To show a one - to - one correspondence between whole numbers (let's assume whole numbers start from 0: 0, 1, 2, 3, …) and natural numbers (let's assume natural numbers start from 1: 1, 2, 3, 4, …), we need a function that maps each whole number to a unique natural number and vice - versa.

• Option A: If we pair natural number \(n\) with \(2n\), when \(n = 1\), we get \(2\); \(n = 2\), we get \(4\). But we are missing natural numbers like 1, 3, 5, etc. So it's not a one - to - one correspondence that covers all natural numbers.
• Option B: If we pair natural number \(n\) with \(n - 1\), when \(n=1\), we get \(0\) (which is a whole number), but for \(n = 1\), the mapping from natural number to whole number is okay, but when we consider the reverse (mapping whole numbers to natural numbers), if we have whole number \(w\), and we try to map it to \(w + 1\), let's check. Whole numbers are \(0,1,2,\cdots\).
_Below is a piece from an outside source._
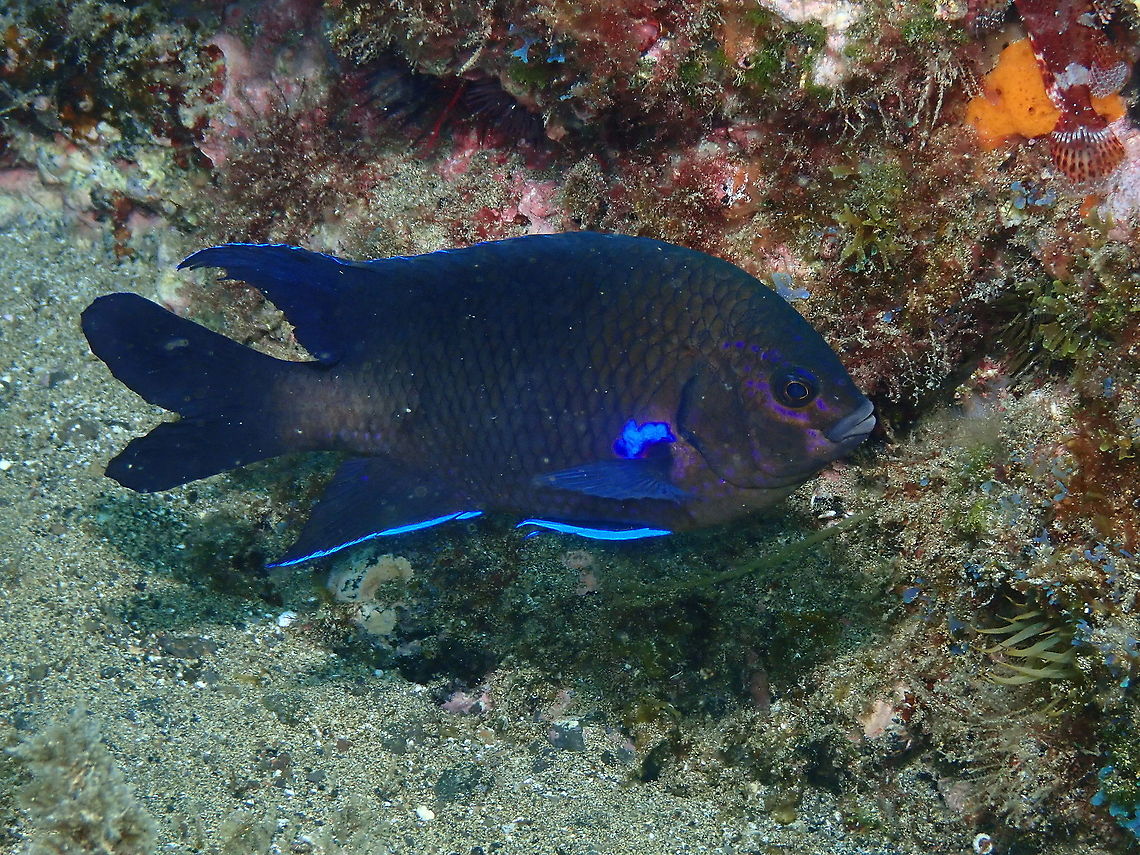Canary Damsel – Abudefduf luridus (adult) Also seen quite often in our dives in Lanzarote. Abudefduf luridus,Canary damsel,Geotagged,Spain,Spring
If \(w = 0\), \(w + 1=1\) (natural number), \(w = 1\), \(w + 1 = 2\) (natural number), and so on. Also, for natural number \(n\), \(n-1\) gives a whole number (when \(n\geq1\), \(n - 1\geq0\)). Now, we need to check if it's one - to - one. Suppose \(n_1-1=n_2 - 1\), then \(n_1=n_2\), so it's one - to - one for the natural to whole mapping. For the whole to natural mapping, if \(w_1 + 1=w_2+1\), then \(w_1 = w_2\), so it's one - to - one. Also, it covers all whole numbers and natural numbers.
• Option C: Just stating that every natural number is a whole number does not show a one - to - one correspondence. It's just a statement about the set inclusion.
• Option D: If we pair natural number \(n\) with \(n + 1\), when \(n = 1\), we get \(2\); \(n=2\), we get \(3\). We are missing natural number 1. And when we map whole number \(w\) to \(w - 1\), for \(w = 0\), we get \(- 1\), which is not a natural number. So this mapping is invalid.

Answer:

B. For every natural number \(n\), let it be paired with the whole number \(n - 1\). For every whole number \(w\), let it be paired with the natural number \(w + 1\)